**Information shown**:
···
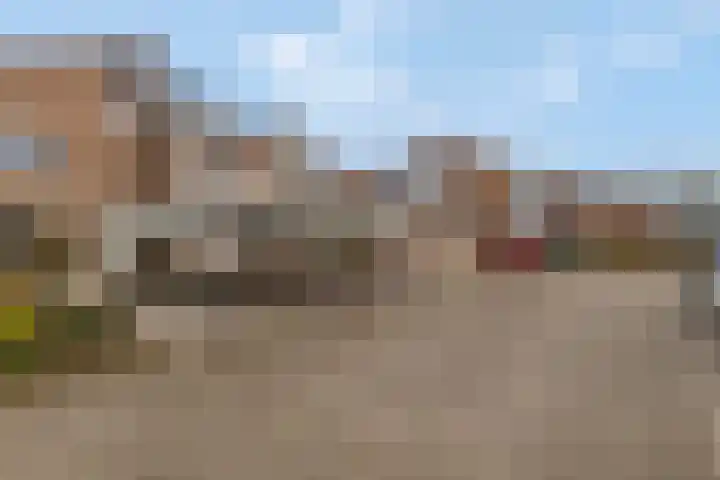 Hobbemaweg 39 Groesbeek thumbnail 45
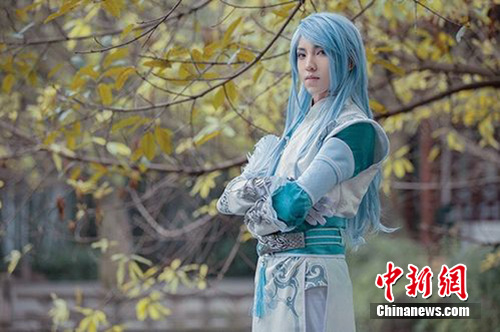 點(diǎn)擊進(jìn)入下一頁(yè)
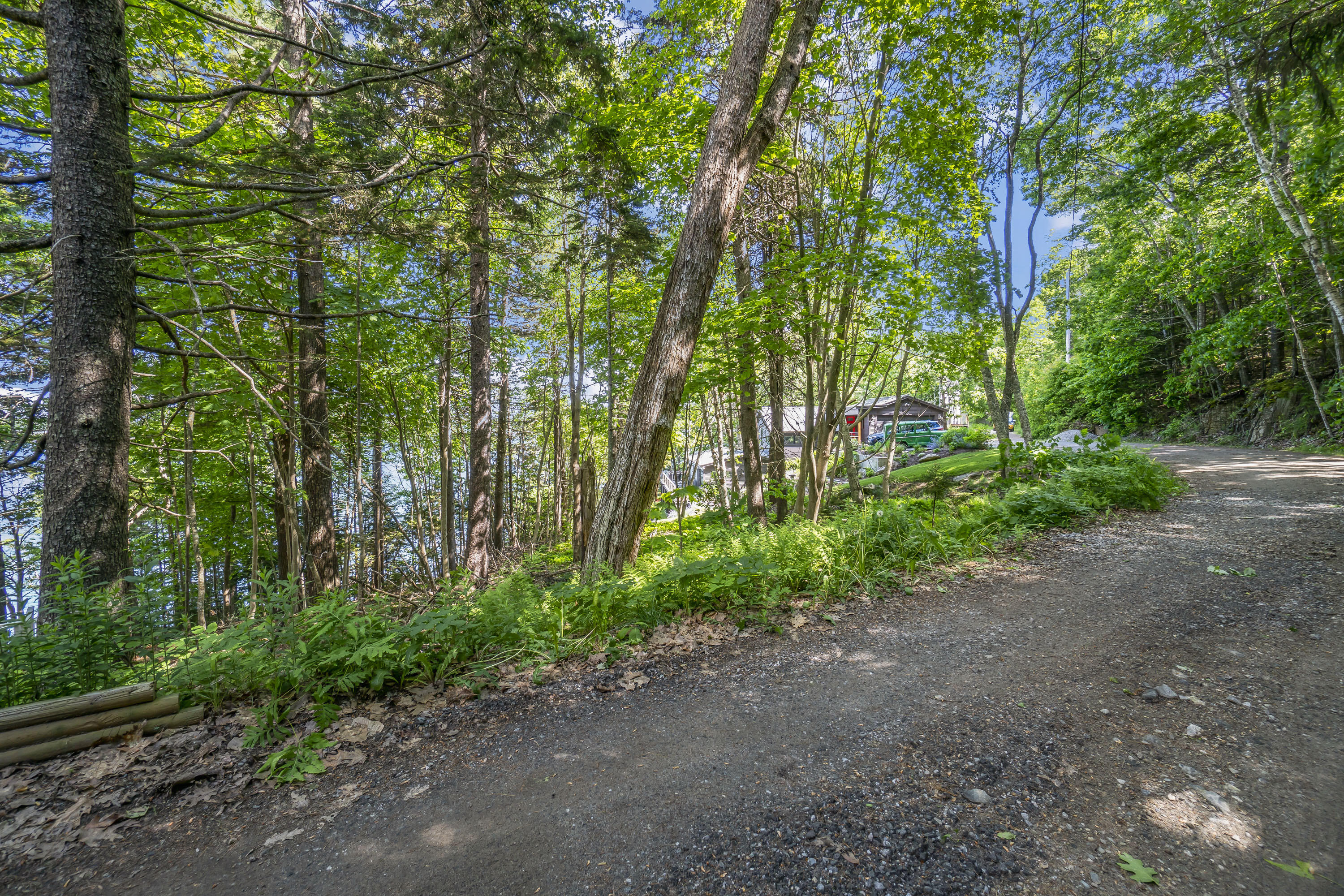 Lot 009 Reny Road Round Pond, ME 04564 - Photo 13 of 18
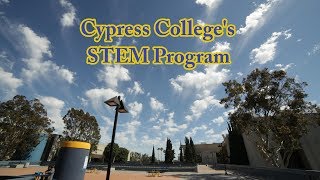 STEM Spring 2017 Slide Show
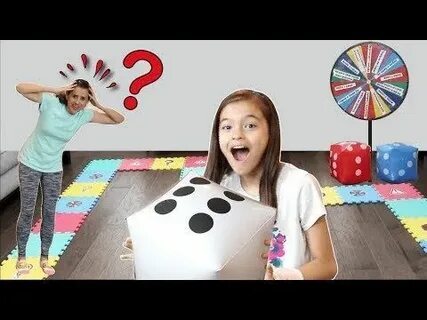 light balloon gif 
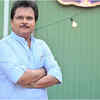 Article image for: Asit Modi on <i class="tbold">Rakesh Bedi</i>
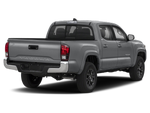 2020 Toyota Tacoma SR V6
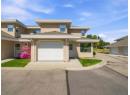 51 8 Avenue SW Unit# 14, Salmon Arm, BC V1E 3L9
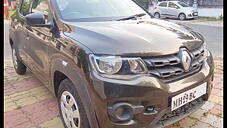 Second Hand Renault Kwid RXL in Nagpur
···
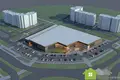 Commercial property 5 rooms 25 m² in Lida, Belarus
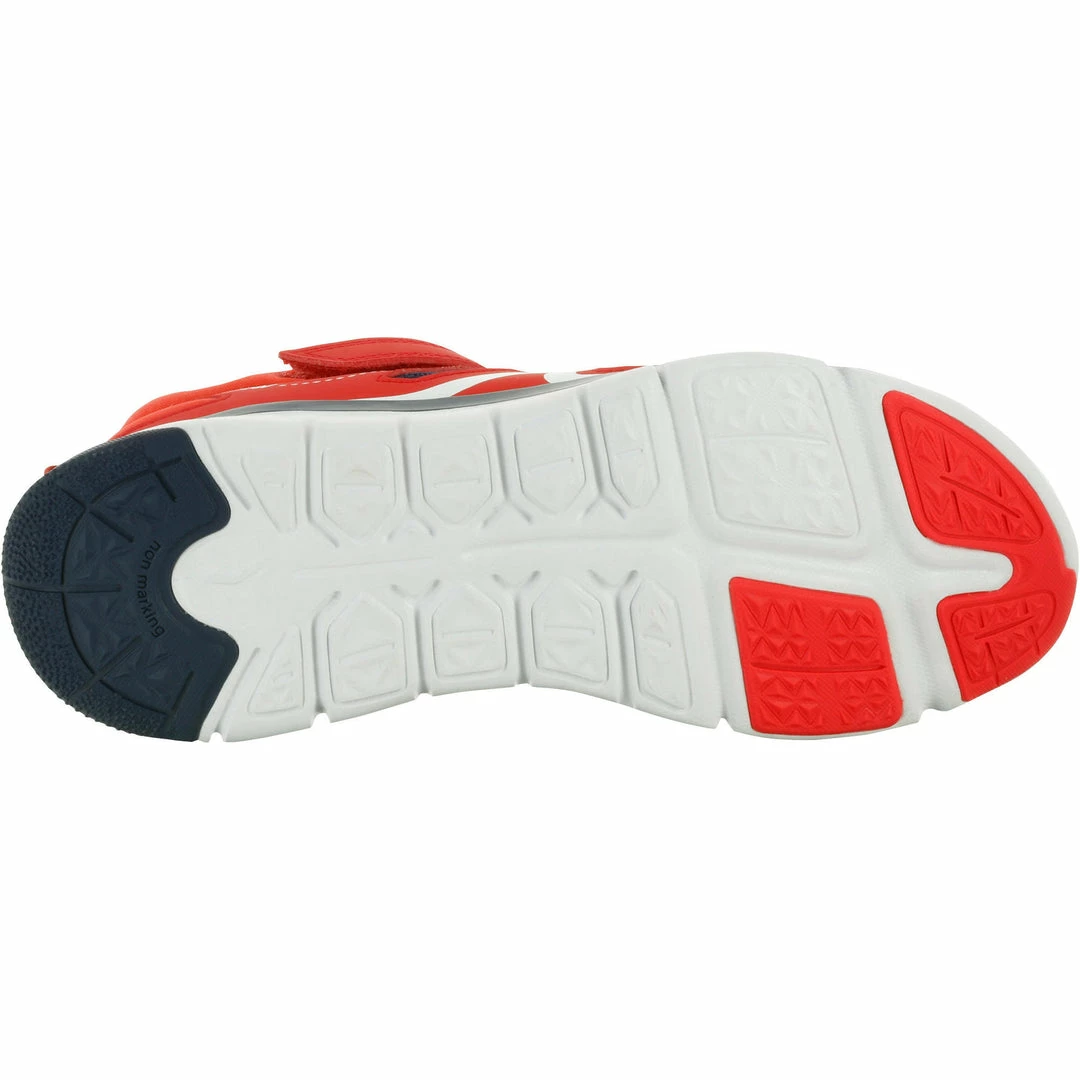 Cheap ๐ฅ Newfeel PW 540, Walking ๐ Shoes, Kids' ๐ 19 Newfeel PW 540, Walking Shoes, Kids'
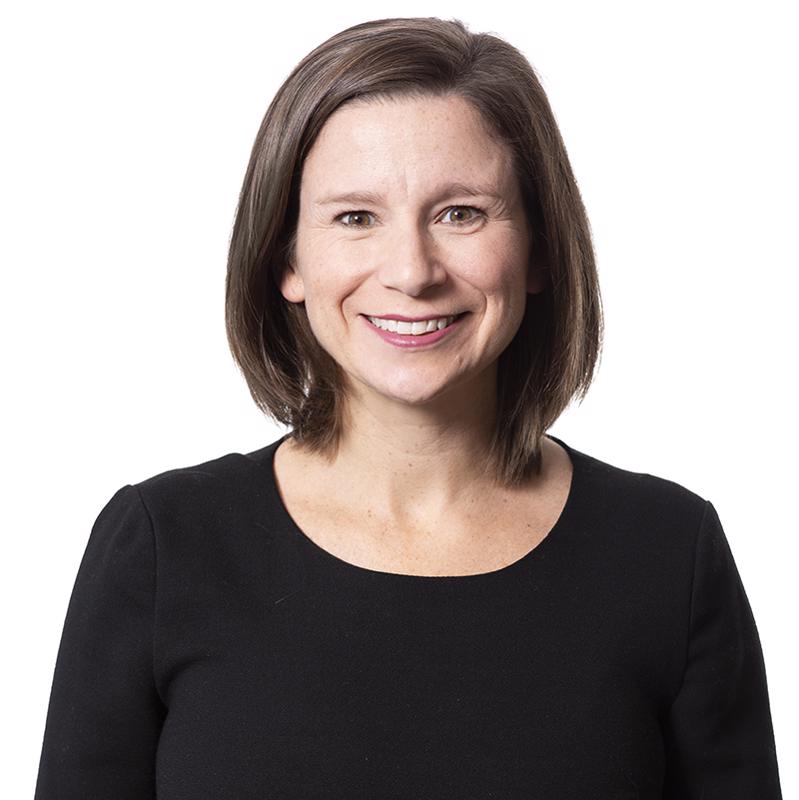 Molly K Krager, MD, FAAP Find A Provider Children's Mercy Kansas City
···
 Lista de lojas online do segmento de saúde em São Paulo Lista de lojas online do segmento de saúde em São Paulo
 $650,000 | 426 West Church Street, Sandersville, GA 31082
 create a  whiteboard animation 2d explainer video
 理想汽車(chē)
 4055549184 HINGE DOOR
···
**Exercise prompt**: Beginning with the line above that has "Hobbemaweg 39 Groesbeek thumbnail 45" and going on through the line that has "Second Hand Renault Kwid RXL in Nagpur", retype every line exactly and add nothing else; drop the pictures.

**Result for this exercise**:
 Hobbemaweg 39 Groesbeek thumbnail 45
 點(diǎn)擊進(jìn)入下一頁(yè)
 Lot 009 Reny Road Round Pond, ME 04564 - Photo 13 of 18
 STEM Spring 2017 Slide Show
 light balloon gif 
 Article image for: Asit Modi on <i class="tbold">Rakesh Bedi</i>
 2020 Toyota Tacoma SR V6
 51 8 Avenue SW Unit# 14, Salmon Arm, BC V1E 3L9
 Second Hand Renault Kwid RXL in Nagpur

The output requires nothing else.